Letters that trace how Benjamin Franklin ‘became an American’
Written between 1760 and 1775, Franklin’s letters to Lord Kames, a key figure in the Scottish Enlightenment, chronicle his transformation from British patriot to an advocate for American independence. They come to auction in New York on 12 June
The news of the fall of Quebec to British forces in 1759 set off a wave of celebration on both sides of the Atlantic. Church bells rang in Boston, cannons roared in New York, and Philadelphians illuminated their windows in honour of the event.
In London, Benjamin Franklin — then serving as the London agent for the Pennsylvania Assembly — was jubilant. To his friend, Lord Kames, a Scottish advocate, judge, philosopher and writer, he admitted that ‘no one can rejoice more sincerely than I do on the Reduction of Canada.’

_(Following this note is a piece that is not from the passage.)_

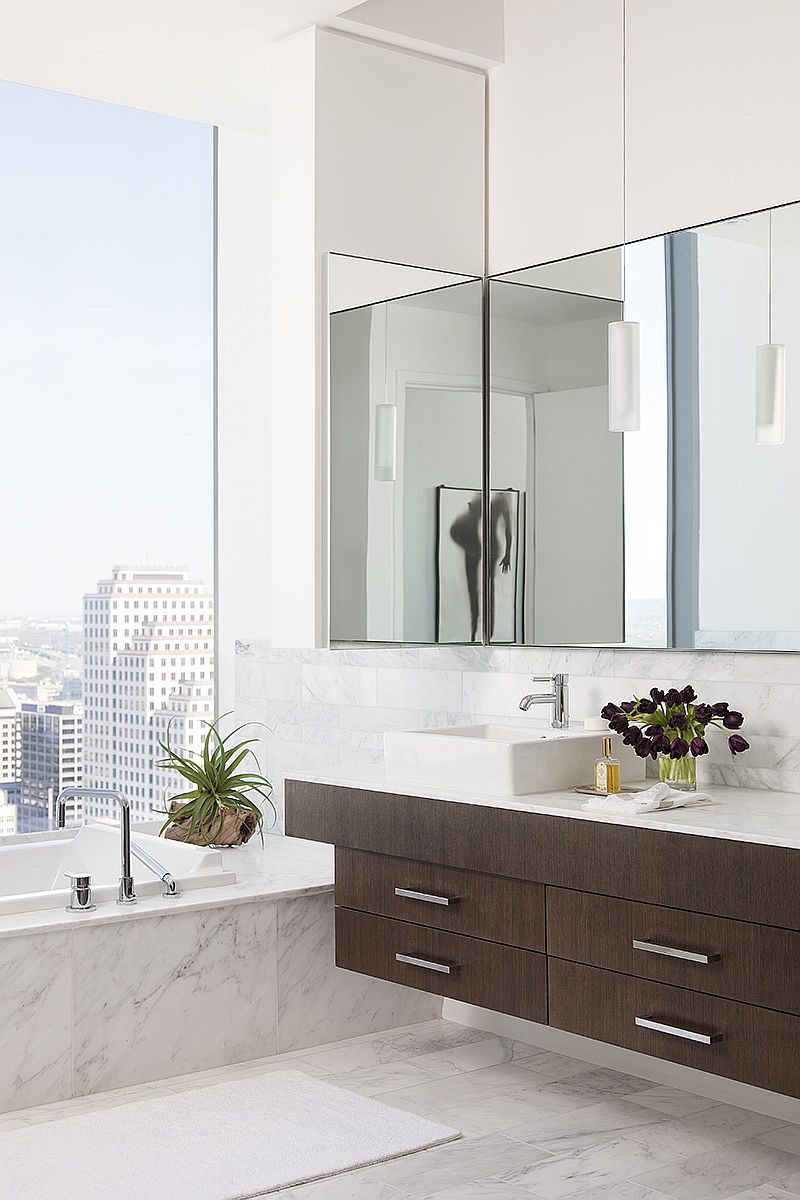 Contemporary bathroom draped in wood and marble with stunning views of downtown Austin and beyond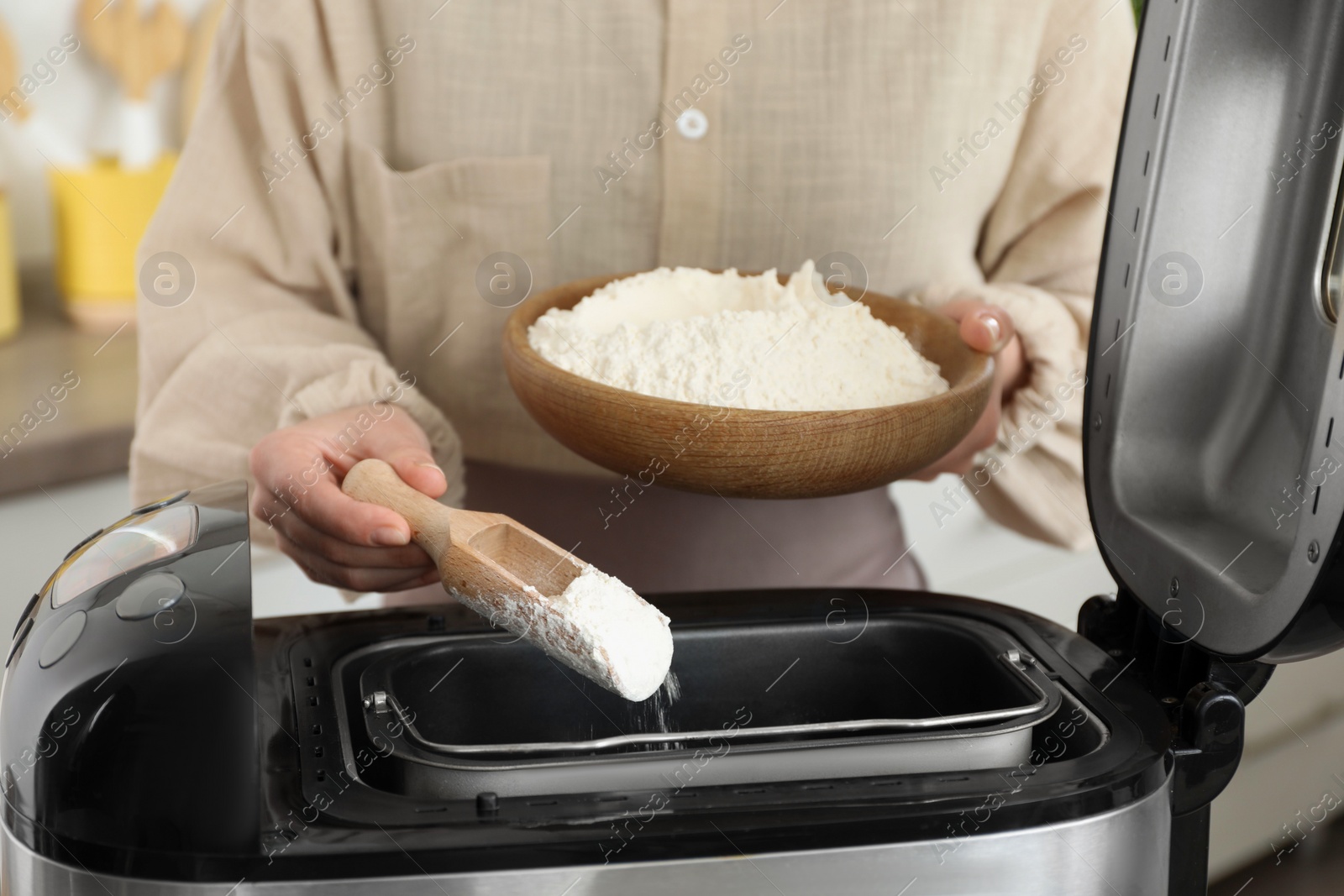 Photo of Making dough. Woman adding flour into breadmaker machine, closeup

Franklin, a champion of the British Empire, believed firmly that this heralded a new age of greatness, rejoicing, ‘not merely as a Colonist’ but as ‘a Briton’. He had long believed ‘that the future Grandeur & Stability of the British empire’ lay in America.
This letter marked the start of an important 15-year correspondence between Franklin and Henry Home, Lord Kames (1696-1782). On 12 June in New York, nine of these letters will be offered at auction in Fine Printed Books & Manuscripts including Americana at Christie’s.
The letters present the Philadelphia polymath — already a successful printer and scientist, as well as a skilled politician and diplomat — at an important moment in his life. The years 1760 to 1775 witnessed Franklin’s political transformation from a champion of the British Empire into a staunch advocate for American independence.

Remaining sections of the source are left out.